I was in a room with all the HR team, the senior Health and Safety Manger and the Chief Operations Officer. It was a real coup having the COO in the room and to my mind showed how seriously they took the issues surrounding emotional and mental health.
I was there to help the HR team learn how to manage complex cases of staff attendance (or lack of). Amongst that we were also deciding their approach, how their policy should be interpreted and how to best use the Mental Health First Aiders I had been training for them.

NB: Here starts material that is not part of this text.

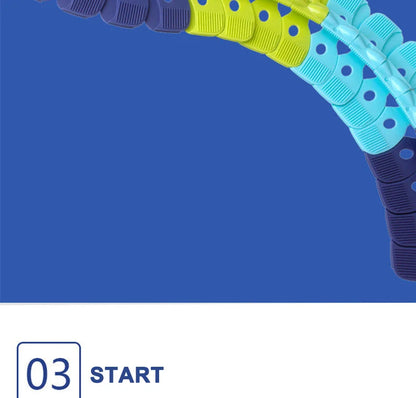 TurboGlow FlexTrack Racer™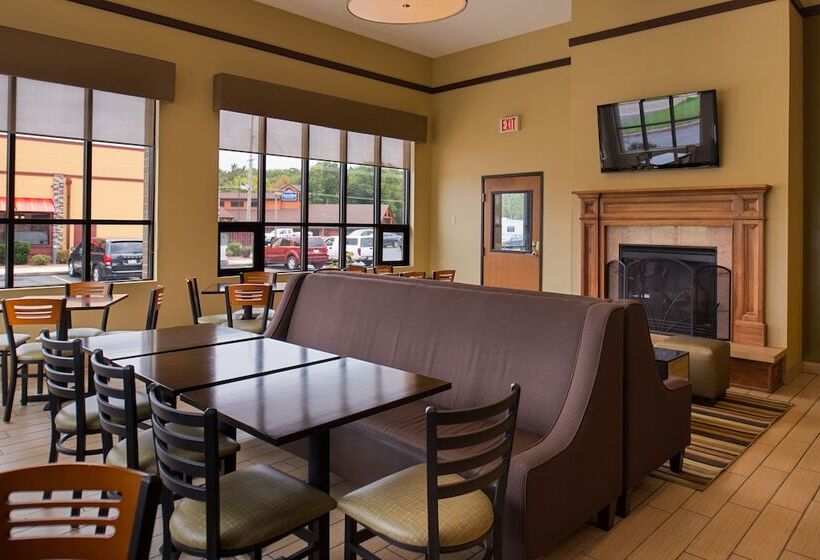 هتل Best Western Ambassador Inn & Suites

The discussion was broad and interesting, constructive for the most part and we were definitely making progress. The policy was a colossal 18 pages thick including appendices, it is detailed and comprehensive. I want to be clear that it is probably the most inclusive and best policy I’ve come across in the past few years but somehow it isn’t enough, its sheer size is acting as an impediment to staff usage.
In order to cut through some of the debate the COO suggested we use the organisational values as a filter to determine our next steps.
I paused and asked if everyone knew the values. The COO leapt in saying that everyone did.
I paused again and told everyone to look at me rather than the COO, then I asked the question again. I could tell from their eyes that not everyone could name them all instantly and certainly not with the COO listening. Several people seemed to be imploring me not to choose them to speak. To their credit the COO did not take offence and instead chose to focus on one value which they described as the most important, certainly in this context.
It was the jolt the room needed. Your senior leader telling you to approach every case with compassion? How different to approaching from a budgetary or efficiency standpoint.What a change from talking about flexibility or dynamism. Suddenly the conversation came more easily to everyone. Problems which had been intractable before seemed to drop in to a resolution.
I’m sure it wouldn’t work everywhere and I’m also pretty sure that the COO has to overcome some deeply embedded resistance to that word or others like it but the people in the room got it and worked with it. An HR team with compassion? I think we would all like that.